Ich sitze. Schaue. Weiter draussen auf dem Wasser ein Segelboot, linker Hand schlingern weitere Boote, die an Pfaehlen befestigt sind.
Eine Frau naehert sich, zerrt einen winzigen Hund mit uebergrossen Fledermausohren an der Leine hinter sich her, bleibt stehen, wuehlt in ihrer Tasche, zieht ein Handy heraus, tippt darauf und faengt an zu sprechen. Ich verstehe kein Wort, weicher Singsang, dazwischen klimperndes Lachen, der wieselgrosse Hund taenzelt um sie, huepft mehrfach ueber und um die Leine herum, macht Maennchen, verheddert sich in der Schnur, wird hysterisch, faengt an zu klaeffen und zu winseln. Die Frau dreht sich um und schaut aufs Meer. Das Segelboot treibt naeher heran, ein Mann steht reglos am Mast, Lachen und Singsang werden lauter.
Ein scharfer Windstoss schlaegt in die Markise, die Gastoepfe wackeln und fauchen, Sturm zerrt, das Winseln verstummt, ich sehe den Hund horizontal in der Luft liegen, die Ohren bedecken seine Augen, er flattert im Windschatten der Frau, ueberlaesst seine Pfoten der Stroemung.

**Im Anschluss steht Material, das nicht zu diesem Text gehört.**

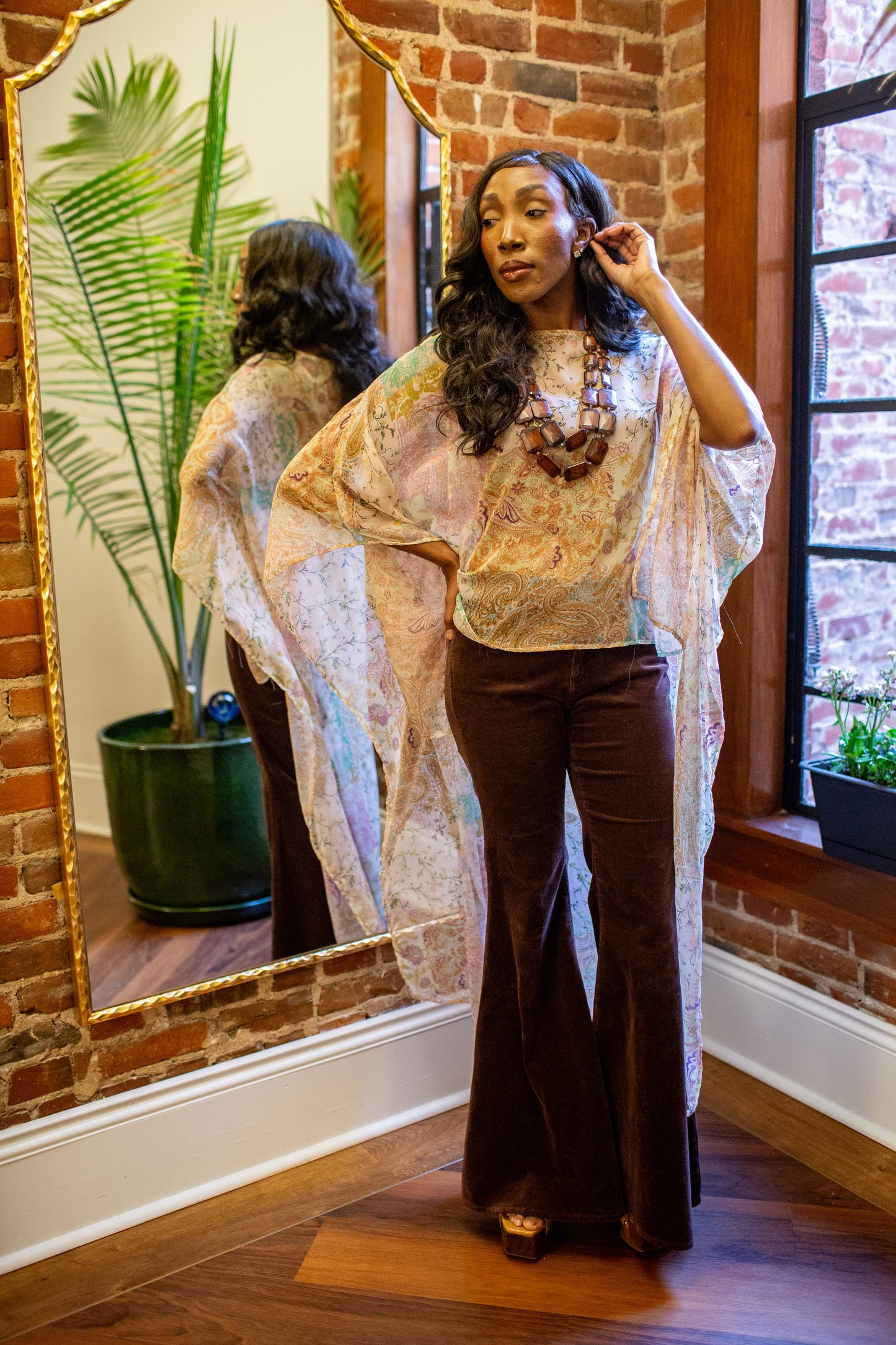 Peachy Poetry Float Scarf Top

Neben mir ein Raeuspern: Long John Silver steht vor dem Tisch und zueckt einen Stift, den er auf den Zettel in seiner Hand presst. Er oeffnet den Mund, ein Stueck Schnur von der Markise weht zwischen seine Zaehne, er schliesst den Mund.

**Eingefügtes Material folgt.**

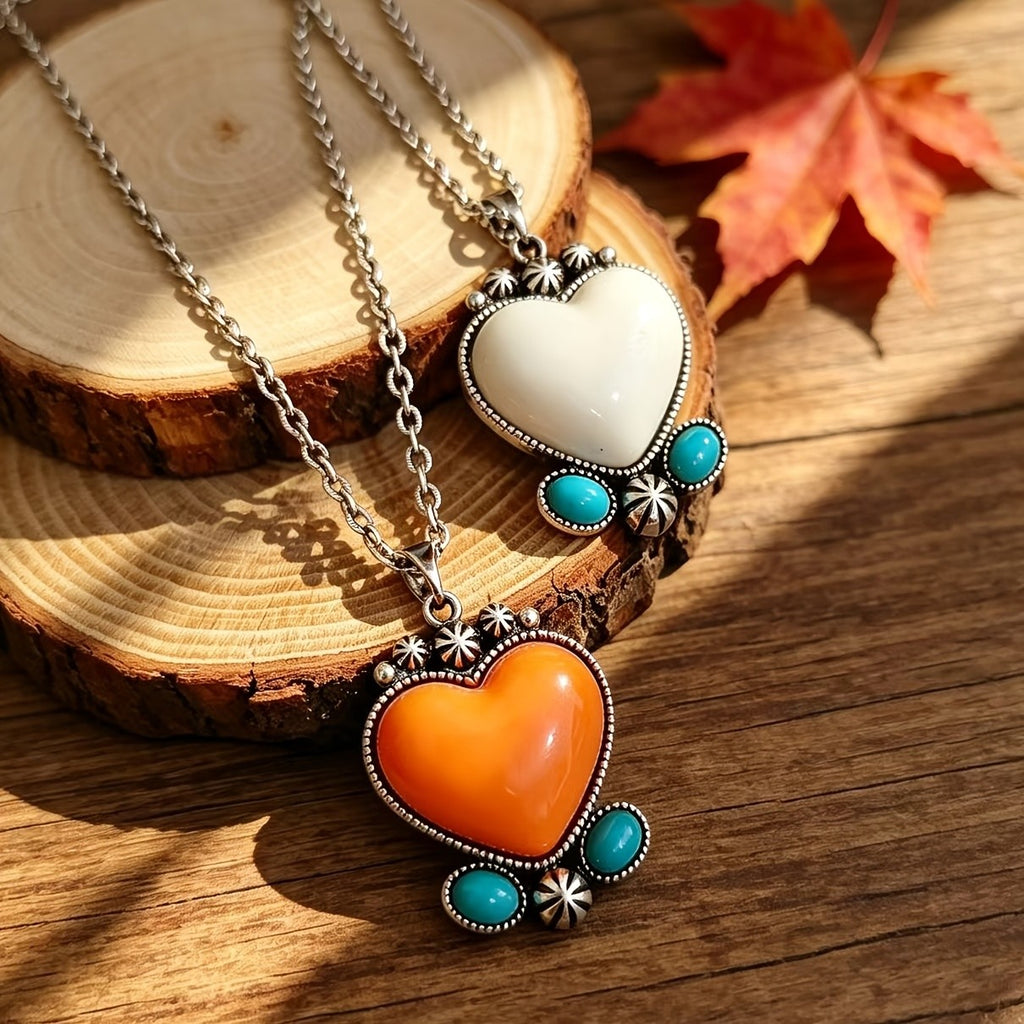 Boho Heart Turquoise Necklace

Kaffee? Silver nickt, kritzelt auf den Papierschnipsel, spuckt die Schnur aus und humpelt davon.
Die Frau beendet das Telefonat, holt den Hund ein, stopft ihn samt Handy in die Tasche und geht weiter. Das Segelboot gleitet zwischen die Pfaehle, der Mann ist nicht mehr zu sehen.
Auf dem Tisch ein Aschenbecher, ich reibe daran, Silver knallt eine Tasse Kaffee auf die Platte, etwas Fluessigkeit schwappt ueber, wird aber sofort durch herangewehte Gischt ersetzt, ich buecke mich, hole das Sisalgewebe hoch und drapiere es um mich. Silver nickt, verschwindet.
Ich sitze. Schaue.
Torben?
short cuts
12.08.2005 15:05:26
Die Untiefen und
die Untiere
gibts ja gar nicht.
*
(merci anh)
10.08.2005 14:21:15
Ich begehe einen Fehler
indem ich mich verzehre.
Es bleibt nicht viel:
nur das Paar Zaehne
das zuletzt von der Zunge
begraben wird.
*
Wir haben hier Enten, lieber Mirko, die in Salzwasser tauchen, und Quallen, mit weissen, gallertartigen Ringen in ihren durchsichtigen Schirmen, mit denen sie Schleier hinter sich herziehen. Mangels technischer Ausruestung haben wir beschlossen, mit den Enten zu fliegen und mittels Quallenfallschirm abzuspringen. Du musst uns nur noch die Koordinaten durchgeben. Bis dahin ... best, C.
06.08.2005 18:52:26
madeleine schlaeft
im gestruepp hat sich ein faden verheddert
zurrt zweige zusammen, der wind blaest und
verfaengt sich: madeleine schlaeft, miaut
knurrt und dreht sich: feder im dickicht
blitzt weiss, das weisse gebiss eines tiers
einer schlaf schlange die rollt sich und sagt
ihren namen: madeleine schlaeft, s-s-s-su sue
bringt einen kater, der faucht ins gestruepp
krallt und reisst sich ein ohr ein der struppige
kugelt hinein doch madeleine schlaeft den schlaf
tiefen tauchgang im aug sinkt sie weiter mit s-s-s
s-s-s-su sucht den hahn mit den klopfenden tropfen
der felltrommler lockt sich den kater der spaeter
zerreisst aufgespannt doch madeleine schlaeft und
atmet sich durch im kopfloch zuengelt s-s-s-s-su
in bed with sarah shun-lien bynum
*
und natuerlich geschmettertes hæppy børthday & best fuer Hendrik
nebst herzlichen gruessen, an ålle
03.08.2005 23:10:15
"Nimm 60 Teile Sand, 180 Teile Asche aus Meerespflanzen,
5 Teile Kreide – und Du erhältst Glas."
Ältestes überliefertes Glasrezept aus der Tontafelbibliothek
des assyrischen Königs Assurbanipal (7. Jh. v. Chr.)